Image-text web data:
──────────────────────────────

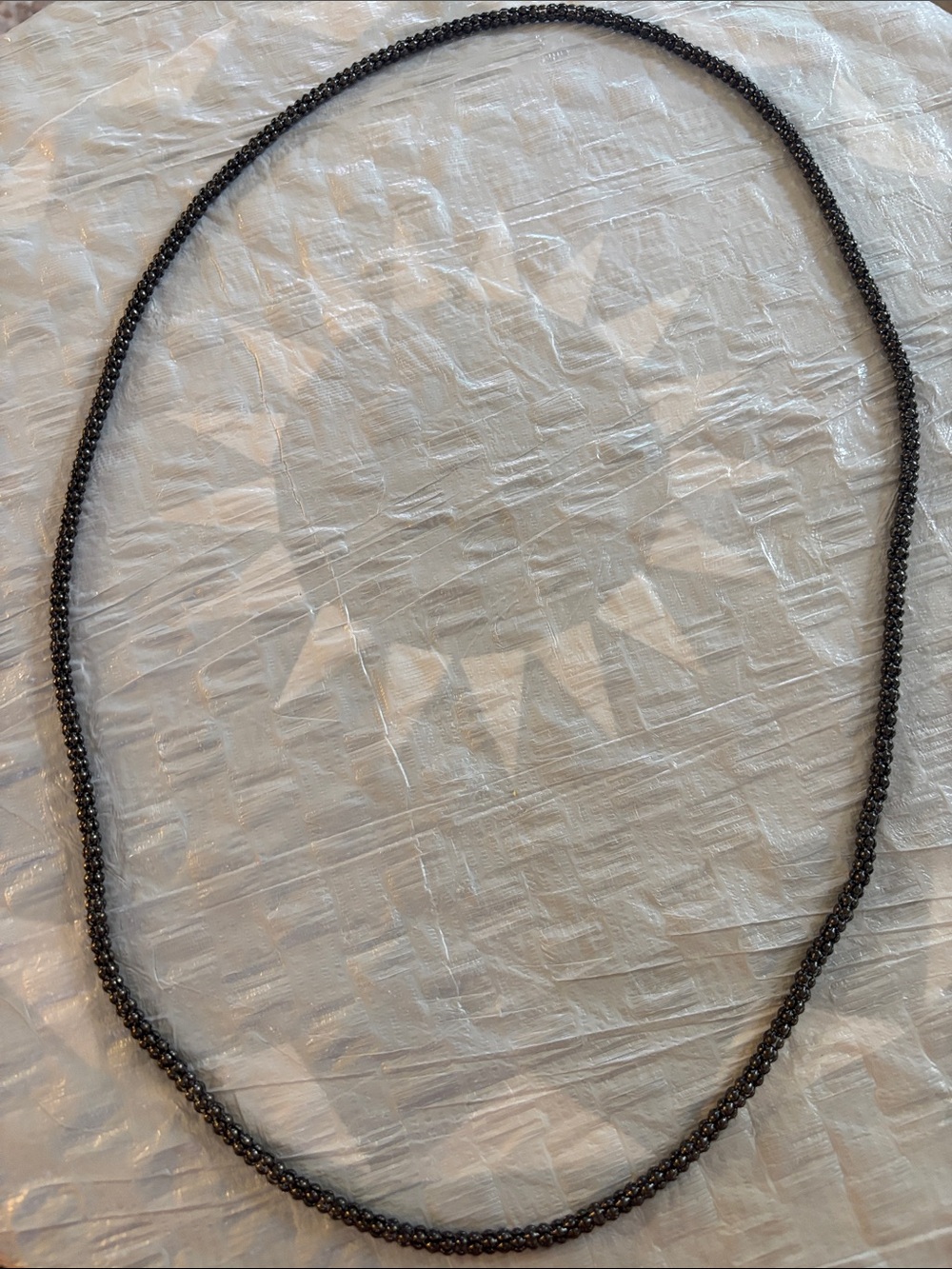 Sleek Black Seed Bead Necklace for Women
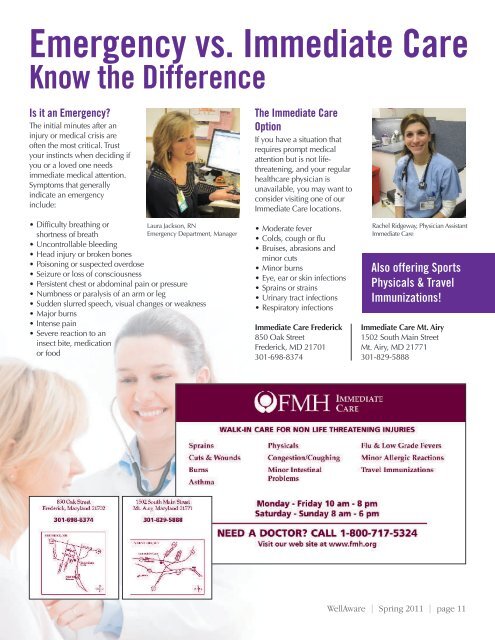 Spring 2011: FMH Emergency Services -  Frederick Memorial Hospital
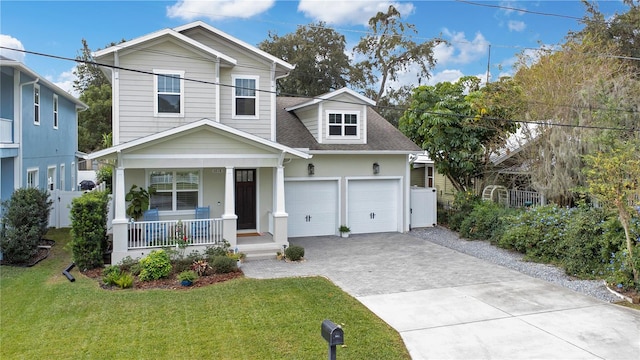 view of front of home with a front lawn and a porch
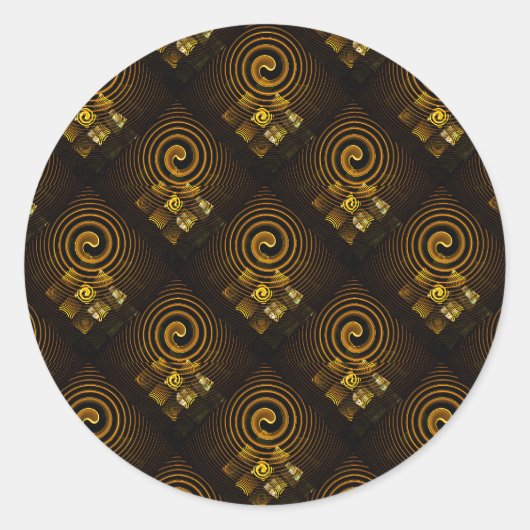 Goud Moderne Boho Elegante Abstracte Kunstpatroon Ronde Sticker (Voorkant)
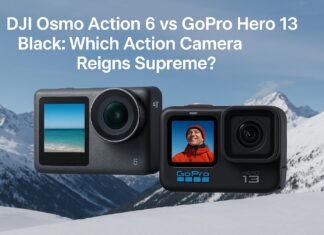 DJI Osmo Action 6 vs GoPro Hero 13 Black: Which One Should You Buy? DJI Osmo Action 6 and GoPro Hero 13 Black side by side on a snowy mountain background showcasing design and lens details.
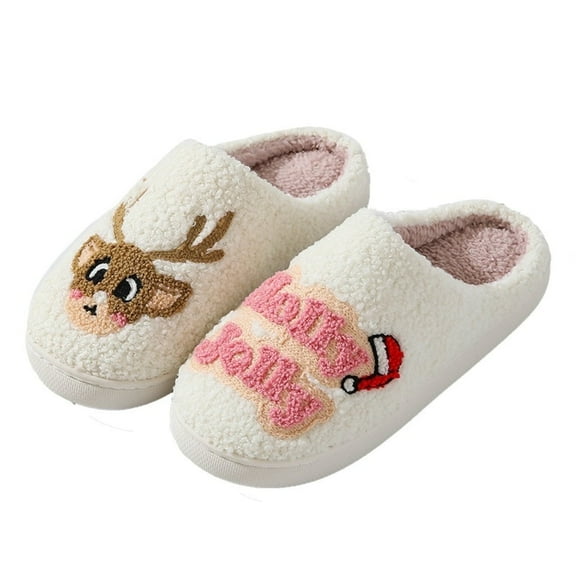 BERANMEY Cute Christmas Slippers for Women & Men Plush Fuzzy Holiday House Slippers Warm Cozy Family Matching Slippers Non-Slip Sole Great Christmas Gift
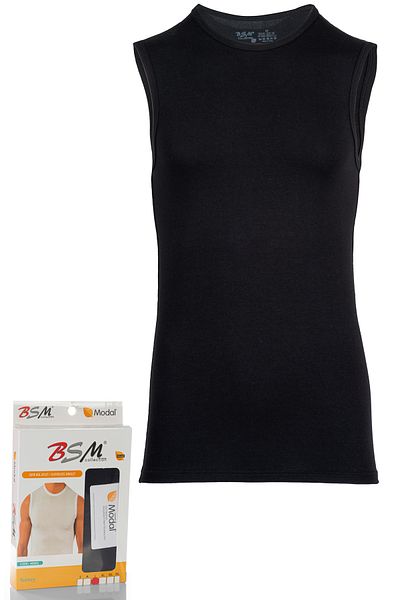 BSM Men's Black Crew Neck Dipcol Modal Undershirt 40603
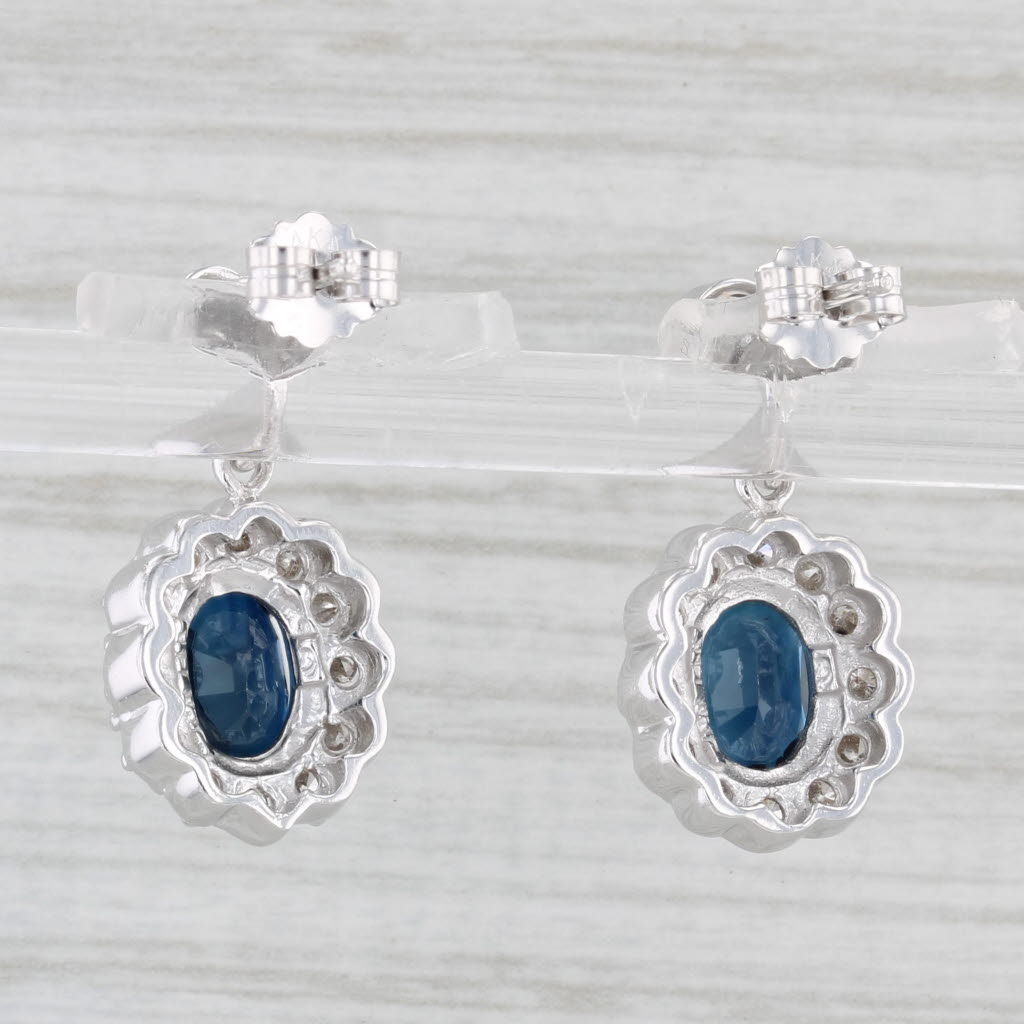 Light Gray 2.63ctw Blue Sapphire Diamond Halo Heart Dangle Earrings 14k White Gold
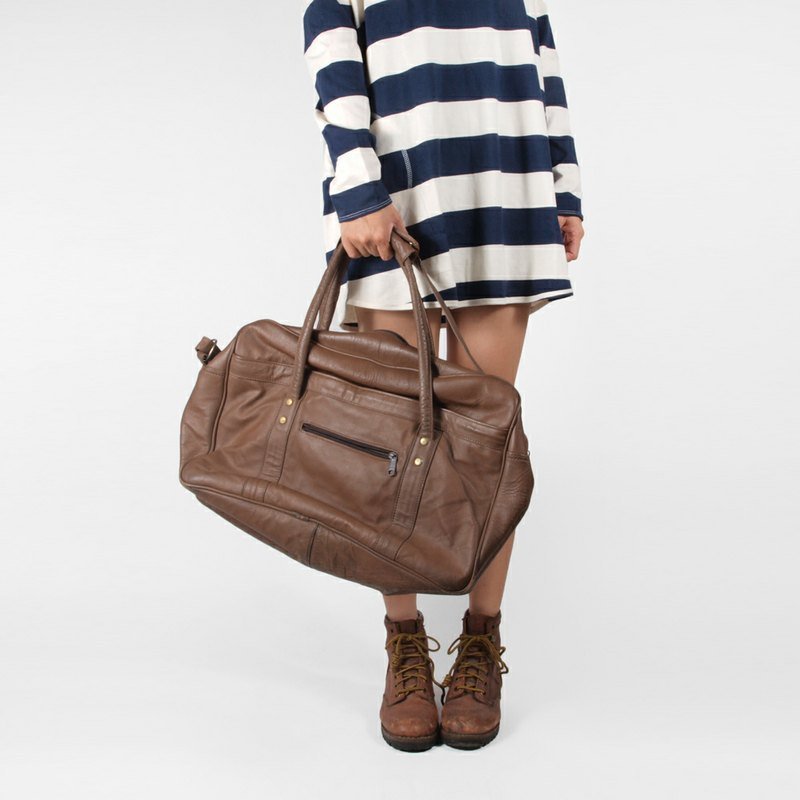 │moderato│时间的旅行vintage复古皮革两用侧背包/欧美古董包/手提包 - 手提包/手提袋 - 真皮 咖啡色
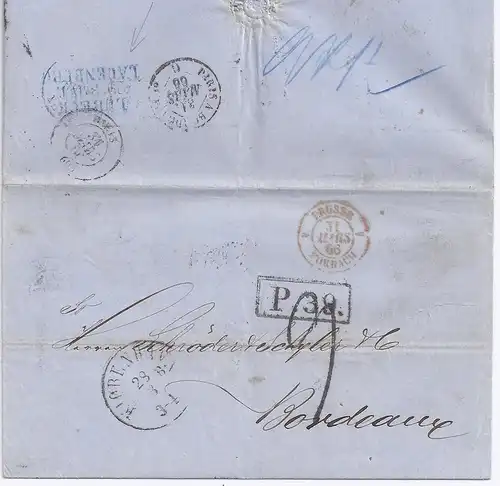 Dänemark Frankreich 1866, Porto Brief v. Kopenhagen m Stpl. "P.39" u. "9". #1040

──────────────────────────────

Task
Every line from the top of the entries through the line that holds "Goud Moderne Boho" is to be quoted exactly, please, and nothing else; omit the pictures.

Your response
 Sleek Black Seed Bead Necklace for Women
 Spring 2011: FMH Emergency Services -  Frederick Memorial Hospital
 view of front of home with a front lawn and a porch
 Goud Moderne Boho Elegante Abstracte Kunstpatroon Ronde Sticker (Voorkant)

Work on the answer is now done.